Metafic Team May 3, 2026

Stack arguments on Twitter are entertaining. Stack arguments at month six of a product build are expensive. The first is a sport. The second is a postmortem.

Most teams pick a stack from vibe. Someone on the team is excited about a framework, someone else read a blog post, and a decision that will shape the next three years of engineering hours gets made over a slack thread on a Wednesday afternoon. Then the team spends the next eighteen months either pretending the choice was great or quietly building escape hatches around it.

This post is the fit-based version. We have shipped on most of the stacks below, watched several get retired in production, and rescued enough projects to have an opinion about why the second category exists. The point of a stack decision is not to be defensible on Hacker News. The point is to be defensible six months in, when the original author has left, the requirements have changed, and the bill is real.

What follows is the decision tree, layer by layer: frontend, backend, database, deployment. We name the cases where each option is the right answer, the cases where it’s the wrong one, and what we have actually seen go sideways in production. At the end we walk a worked example and a list of stacks we would push back on if a team proposed them today.

Frontend

The frontend question is not “which framework is best”. The question is “what shape is your app, and which framework was built for that shape”. The honest answer for most product teams in 2026 is still Next.js, but Next.js is also the most expensively misused tool in this category. Let’s go through the realistic options.

Next.js. Right answer for: product teams shipping a web app that needs SEO, server-rendered marketing pages, authenticated dashboards, and a real backend story in the same codebase. The App Router and server components removed the ceremony around data fetching, and the deployment story on Vercel (or Cloudflare, or self-hosted Node) is mature. We default to it when a team needs to ship a full SaaS product with a public surface and an authenticated surface in one codebase. Wrong answer for: pure marketing sites (use Astro), internal tools where SEO and RSC do not matter (use plain React + Vite), or content-heavy publications where you do not need any client framework at all. Who’s using it in production: most consumer SaaS shipping in 2026, most YC companies, a significant chunk of mid-market dashboards. If a team is hiring for frontend, the resume pool is largest here, which matters more than people admit. When we staff a Next.js pod, this is the workload we are matching against.

Remix. Right answer for: teams who genuinely care about web fundamentals (forms, progressive enhancement, nested routing) and have a workload that maps cleanly to those primitives. Wrong answer for: most product apps in 2026. The marketing for Remix oversells its general fit. After the Shopify acquisition the project stabilised, but the actual feature gap with Next.js shrunk in both directions: Next added server actions, Remix added pieces it had previously rejected. If your team is not already deeply opinionated about the Remix way of doing forms and loaders, the rational pick is Next.js, and you will be hiring for it more easily. Real production use exists, but most of it is teams who picked it during the 2022-2024 window and have since stayed put.

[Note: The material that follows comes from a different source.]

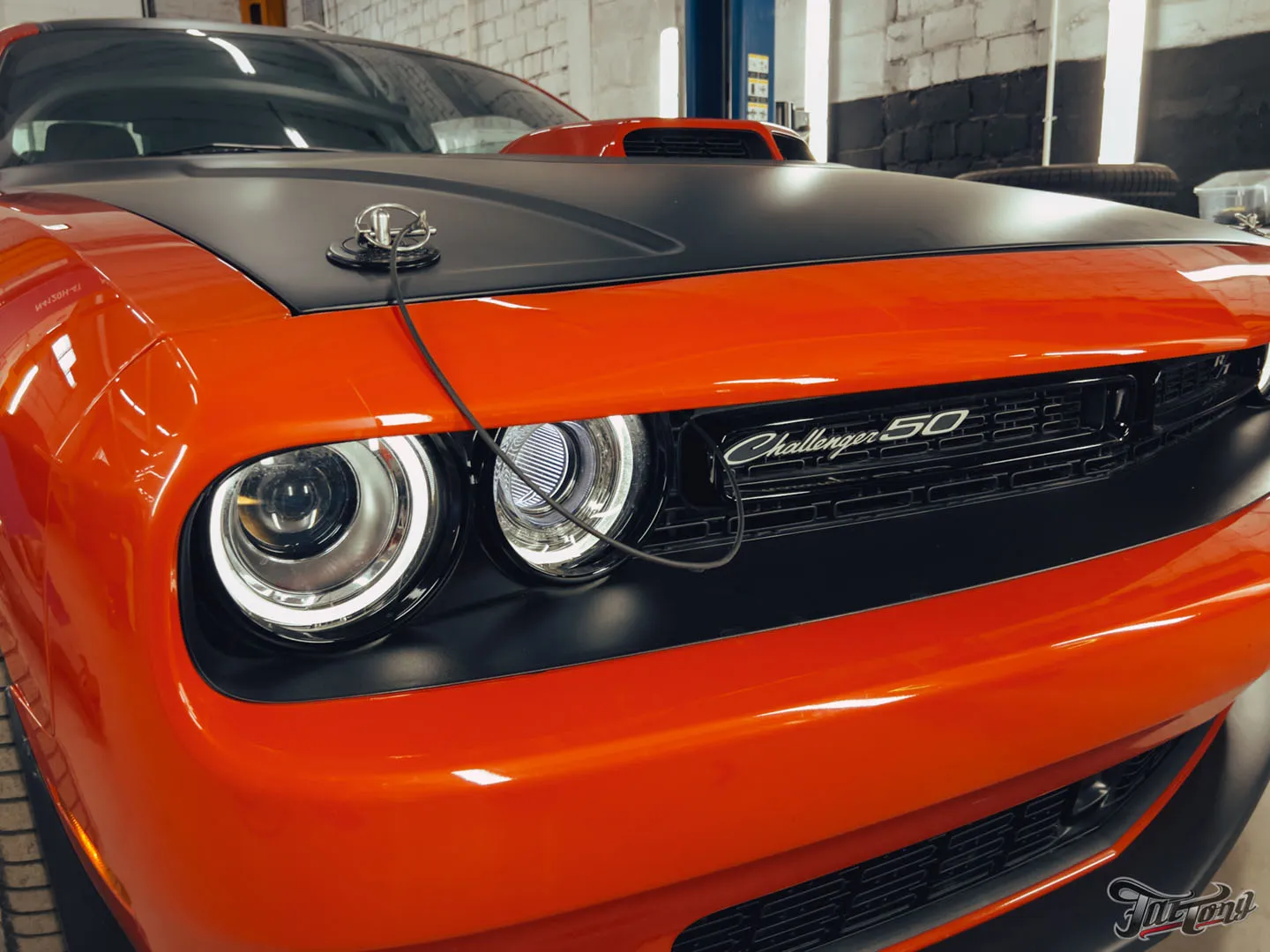 Техническое обслуживание яркого Dodge Challenger Shaker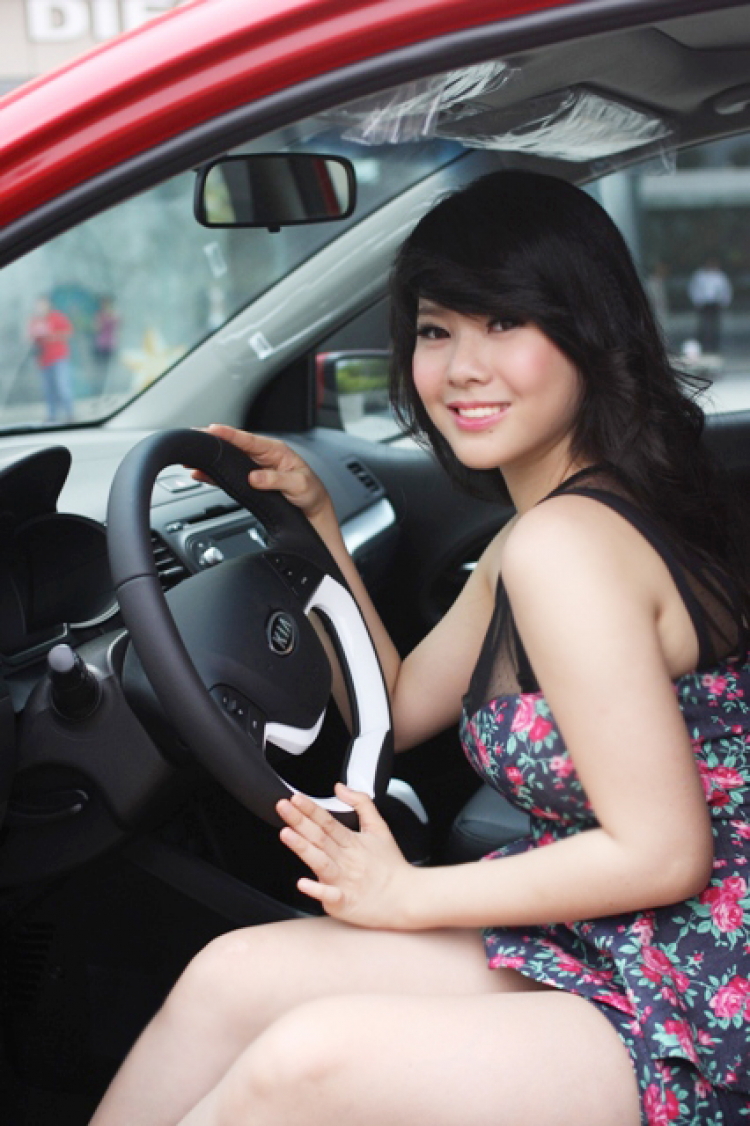 CHỦ NHẬT GIRL XINH LƯỢN PHỐ CÙNG PICANTO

SvelteKit. Right answer for: small teams (two to four engineers) who value developer experience above all else and are willing to trade ecosystem breadth for code that reads cleanly. The compiler approach pays off in bundle size and runtime simplicity. Wrong answer for: anything where you need a deep library ecosystem (auth providers, headless CMS integrations, complex form libraries, rich text editors). The ecosystem has grown, but you will still hit walls Next.js solved years ago. We see SvelteKit working well at agencies, internal tools, and small ambitious startups. We see it failing when a team scales past about six engineers and the hiring funnel goes dry.

HTMX. Right answer for: content-heavy sites, internal tools, server-rendered apps where every interaction can map cleanly to a server round-trip. Pair it with whatever backend you already use. HTMX is the correct answer more often than the JavaScript-industrial-complex wants to admit; admin panels, B2B internal dashboards, marketing CMSes with light interactivity, all of them ship faster and break less with HTMX than with a SPA. Wrong answer for: anything that needs offline support, complex client-side state (drag-and-drop interfaces, real-time collaborative editing, anything resembling Figma or Linear), or rich client interactions that cannot tolerate a server round-trip. We have shipped HTMX in production for Rails monoliths and Django shops and the velocity gain over a separate SPA is real.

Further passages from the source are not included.